Alice Holloway Young, born in Warren County, North Carolina, received a Bachelor’s degree from Bennett College, and Masters and Doctoral degrees in education supervision and administration from the University of Rochester. She began her career with the Rochester City School District in 1952, pioneering as an African-American educator over the next four decades.
Dr. Young’s impact on the Rochester City School District is immeasurable. She was one of the District's first African-American teachers, the only African-American reading specialist in the District at the time, the first African-American vice principal and principal of elementary schools, and the first Title I director. Dr. Young wrote and supervised the District's first integration programs, including the Urban Suburban Program, which continues to grow to this day.
The recipient of many awards during the past 50 years, Dr. Young continues to be recognized for her unparalleled dedication to the field of education.

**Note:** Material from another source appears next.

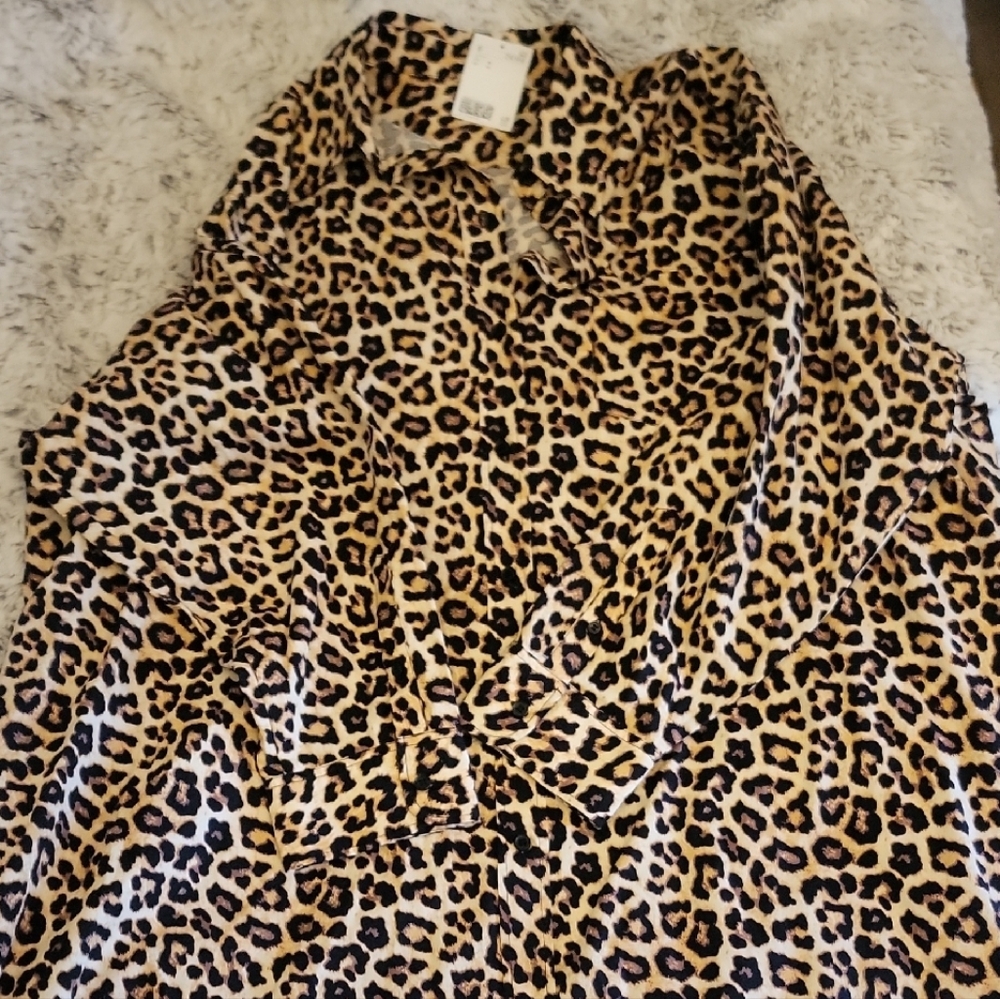 H&M Leopard Print Blouse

She is a former fellow at R.I.T., a charter member of the Athenaeum and a former president of the five county Rochester Area Chapter of Phi Delta Kappa Fraternity, the Delta Kappa Gamma International Education Society and the Rochester Chapter of The Links, Incorporated.
Dr. Young was named trustee in 1961, helped to establish Monroe Community College, served as a chair of its trustees for 20 consecutive years (1978-1998) and was recognized as the trustee who has served New York State community colleges the longest.
Dedicating her life to “breaking down fences so that others may shine,” The Alice H. Young Teaching Internship for Ethnic Minority Graduate Students and The Alice Holloway Young Society for Charitable Giving are both named in Dr. Young’s honor.